Official Winners Weatherby® Dream Hunt Contest

6th Prize

Hunting Journal with Weatherby Logo (100 awarded)

Shawn Battagler, Missouri

“It would be an organized secret. A date would be selected to meet at the airport. Only the essential details would be known ahead of time: when, what to bring, and who is going along.

The ‘when’ would be far enough ahead to let everyone involved clear the calendar and taste the anticipation for months. It would be so exciting to tell friends about the dream hunt:

Buddy: ‘Where are you going?’
Me: ‘Don't know.’
Buddy: ‘What will you be hunting?’
Me: ‘Don't know.’
Buddy: ‘Then how in God's name do you know it will be a dream hunt?’
Me: ‘Weatherby is putting it together!’

And nobody would have a doubt.

[Those guys would get so sick of hearing about this trip.]

The ‘what to bring’ would help define the hunt without giving it away entirely. Assurances that anything you don't bring will be provided at the secret destination would be perfect. A warm, comfortable place to stay, good food, a stocked bar (for evenings after the hunt), a campfire (with the wood already cut...hey, it's a dream hunt), ATVs, a big piece of land and a guide who knows it and knows the game, these are the things a dream hunt is made of. (I've never been outfitted or guided in a hunt, so I'm not even really sure what to dream about in that respect.)

The promise of getting to shoot Weatherby's best and newest products that our Weatherby host is anxious to showcase would be icing on the cake. We would absolutely have to have a range near camp, a big stack of cartridges, several different Weatherbys to shoot, and time set aside for oohing and ahhing over the beautiful rifles and challenging each other for best groups.

A dream hunt would last about a week to ten days, it would be far enough from Missouri that it couldn't be done by us with easy regularity...the Rockies, Alaska, Canada, the Southwest, or some ‘best-kept secret’ area that most hunters don't even realize exist. But it wouldn't be so far away that traveling would take a big chunk out of the actual hunting time. I'll save Africa for another dream.

The ‘who’ would of course be the man who taught me to hunt and let me go with him when I was still young enough to ruin any hopes of silent stalks or quiet ambush...my father. Looking back, the success of the hunt was measured by my learning. And he was less than 50 yards away when I bagged my first whitetail. I know he didn't consider it any sacrifice at all. My love of hunting is the best hunting trophy he could earn.

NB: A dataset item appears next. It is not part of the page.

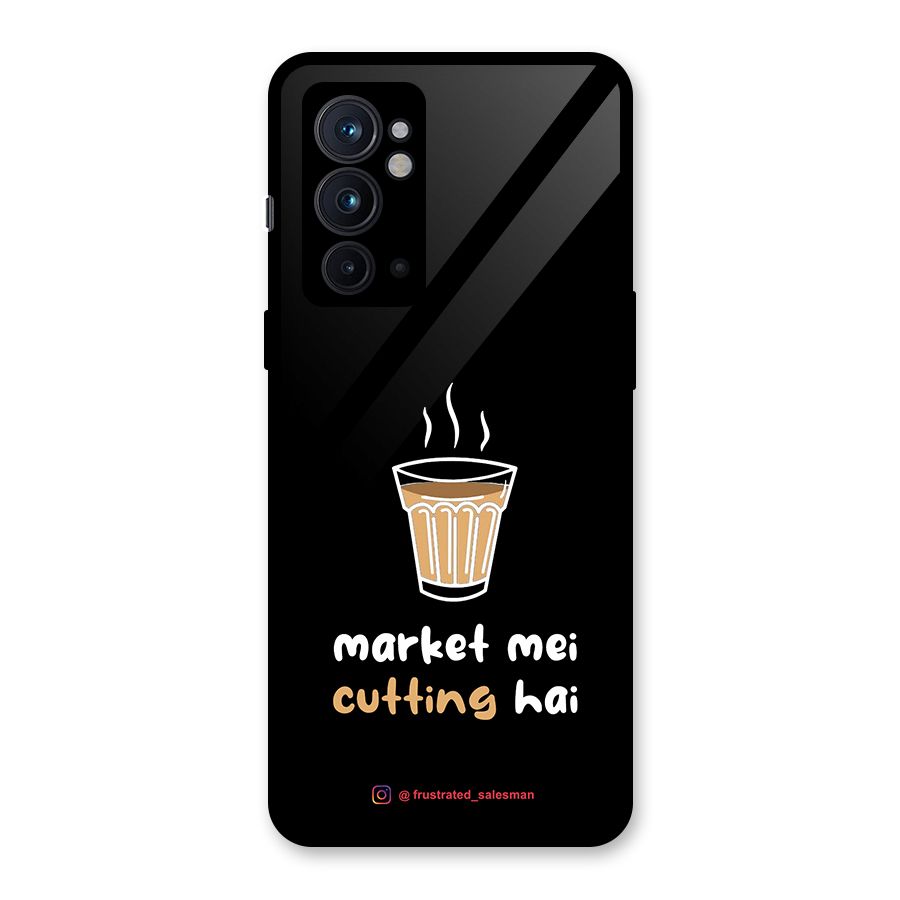 Market Mei Cutting Hai Black Glass Back Case for OnePlus 9RT 5G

Except for the whitetail season I spent overseas, we have spent at least some portion of the fall together at deer camp (Chigger Ridge)...even if only for a day. It's the highlight of my year, every year. So Dad's in!

If arrangements could be made for others to join us, I would bring my two closest cousins and their father (my dad's brother). We grew up together like brothers. We made our own fun in rural Missouri with air rifles and homemade bows and arrows. We chased hounds in the dark in pursuit of raccoons. We sat together on the banks of the Missouri River together with an old man that taught us how to catch catfish. For many years, we've had a standing appointment to archery hunt together the weekend before the Missouri firearms season opens...our own annual (and more affordable) dream hunt.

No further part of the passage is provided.